Stop imagining implied volatility as a line that belongs to NIFTY and runs unbroken through time. It belongs to contracts, and contracts end. At every expiry one contract's IV vanishes and another's begins — usually higher, because the fresh window is longer and fuller — and any chart that draws a single line through that join has quietly spliced two different things. The uncomfortable consequence, and the one worth carrying: a great deal of retail volatility analysis, including most IV Rank tools and every screener that jumps each Thursday, is measuring the contract calendar and calling it the market. The engineered answer already exists — India VIX and its constant-maturity cousins interpolate across contracts precisely so the line they draw is real. When you want to compare volatility across time, compare a constant-maturity number, and when a line jumps at an expiry, ask which contract died underneath it before you call it a signal.

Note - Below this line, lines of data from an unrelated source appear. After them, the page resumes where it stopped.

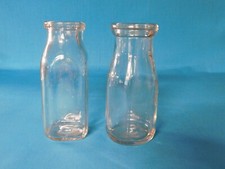 VINTAGE 1/2 HALF PINT CREAM BOTTLES LOT OF 2 ROUND  SQUARE MILK FARM DAIRY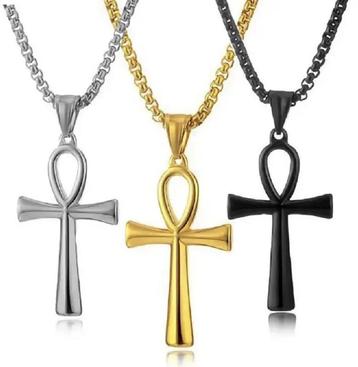 Heren ketting met Egyptische Ankh hanger goud, zilver of zwa beschikbaar voor biedingen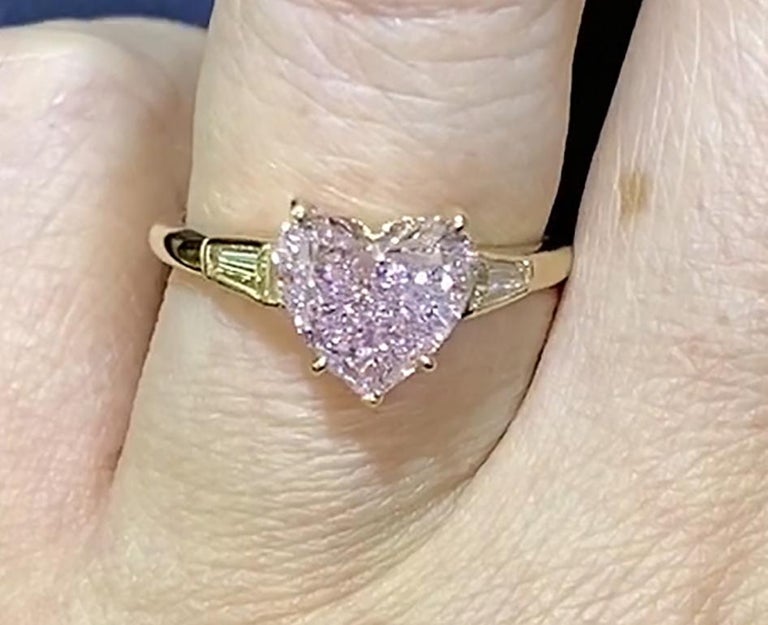 Heart Cut NALLY GIA Pink Color Heart Shape Diamond Ring For Sale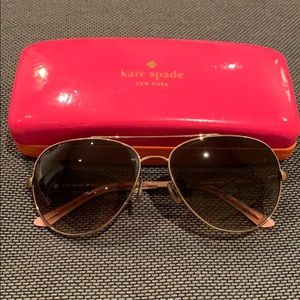 Kate Spade Aviator Sunglasses with Case and Cloth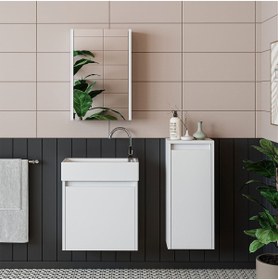 Resim ROOMART Tek Kapaklı Lavabolu Mat Beyaz 50 Cm Banyo Dolabı Aynalı Üst Dolabı Boy Dolabı Tuvalet Kâğıtlığı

Frequently asked questions

What happens to implied volatility after a contract expires?
It ceases to exist for that contract. Implied volatility is a property of a specific option contract, not of the underlying, so when the contract expires the number that was its IV simply ends. The next contract has its own, separate implied volatility describing its own window of expected movement.
Is implied volatility a property of NIFTY or of a contract?

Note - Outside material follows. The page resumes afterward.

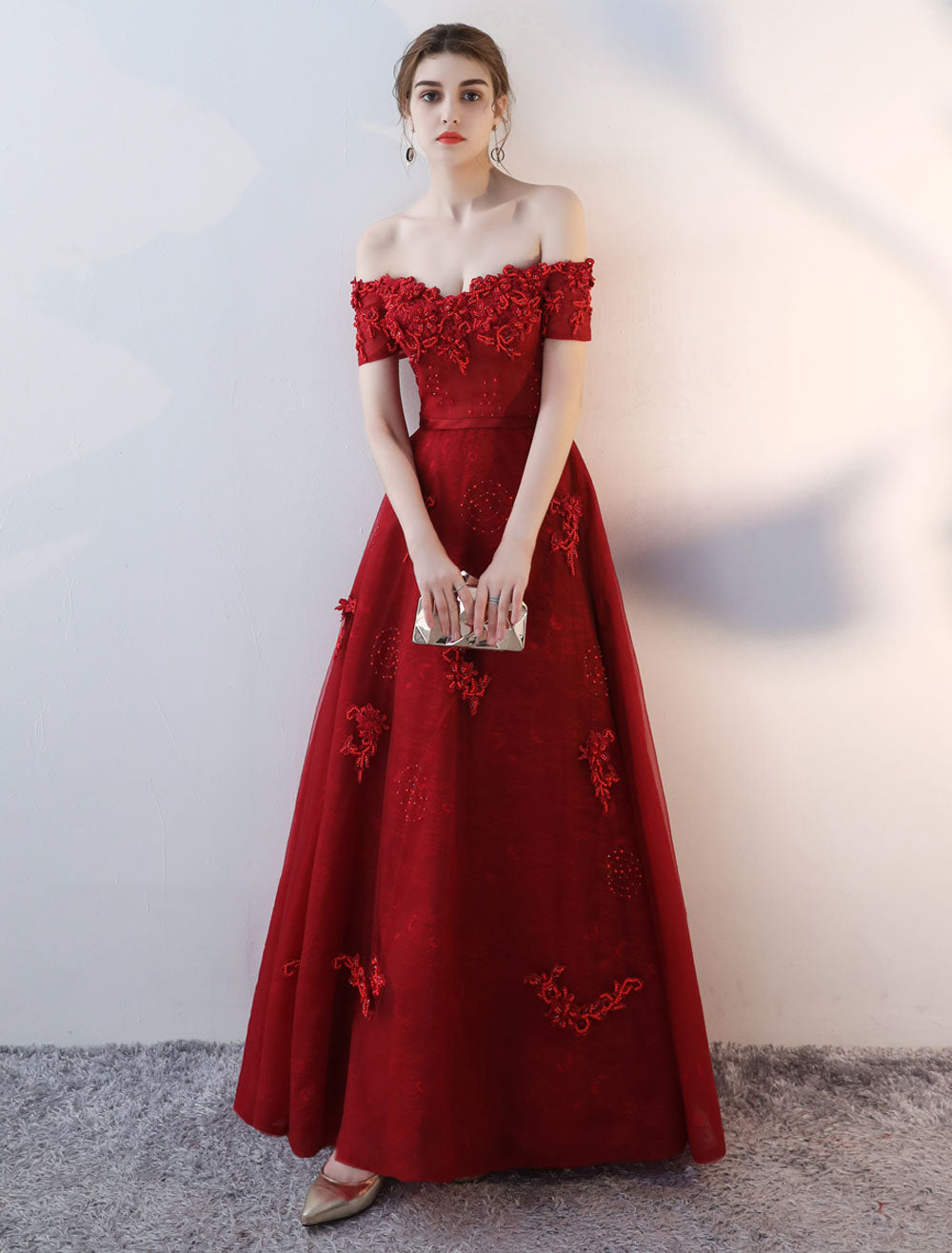 Modern Evening Dresses Long Burgundy Off The Shoulder evening dress Lace Applique Heavy Beading Sash Floor Length Formal Evening Dress-showprettydress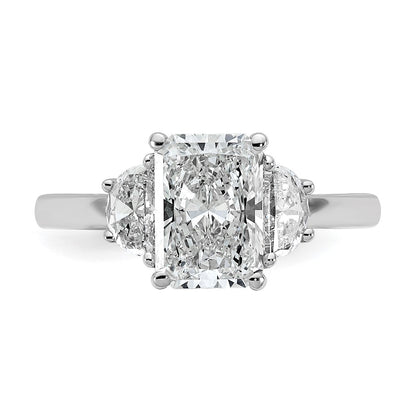 14K White Gold 2 1/2 carat Certified Lab Grown Diamond VS+ F+ Radiant and Half Moon Complete Three Stone Engagement Ring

Of a contract. Implied volatility is solved from the price of a specific strike and expiry and describes expected movement over that contract's remaining life. Two contracts on the same NIFTY at the same moment have different IVs, and neither is 'NIFTY's IV' — the phrase is shorthand for a chosen contract.

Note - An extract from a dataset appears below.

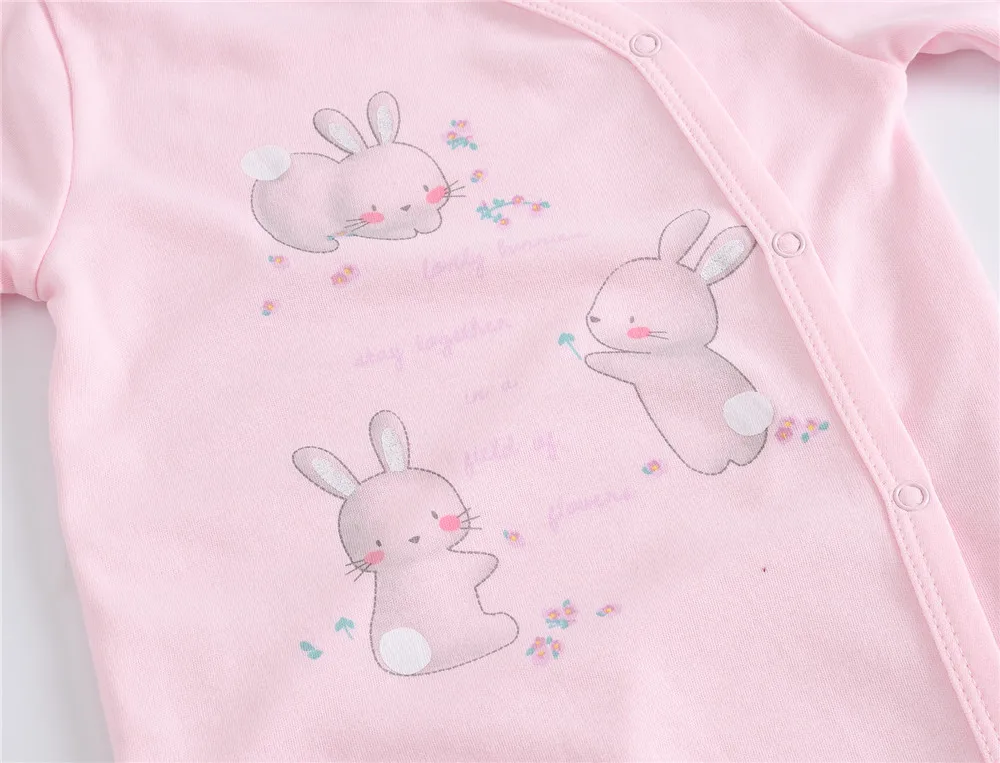 Kavkas Long Sleeve Baby Girls Rompers Cute Rabbit Design Cotton Autumn Clothes 0-12 Months Infant Jumpsuit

Why does the IV chart jump at expiry?
Because the chart splices two different contracts. The expiring contract's IV ends and the next contract's IV begins, usually at a higher level because it spans more days and may enclose events the old contract passed. The jump is a change in which contract is quoted, not a move in the market's expectation.
What is the roll gap in implied volatility?
The roll gap is the difference between the expiring contract's final IV and the next contract's starting IV. The new contract typically prints higher, because it measures a longer window with more trading days and possibly more scheduled events. The gap is structural and should not be read as a change in volatility.
Why is the new contract's IV usually higher than the old one's?
Because it spans more days and may enclose events the dying contract had already passed — an RBI decision, a Budget session, an earnings cluster. A longer, fuller window carries a higher implied volatility base, so the fresh contract starts above the expiring contract's final print for structural reasons.
Why is an IV Rank on a near-month series biased?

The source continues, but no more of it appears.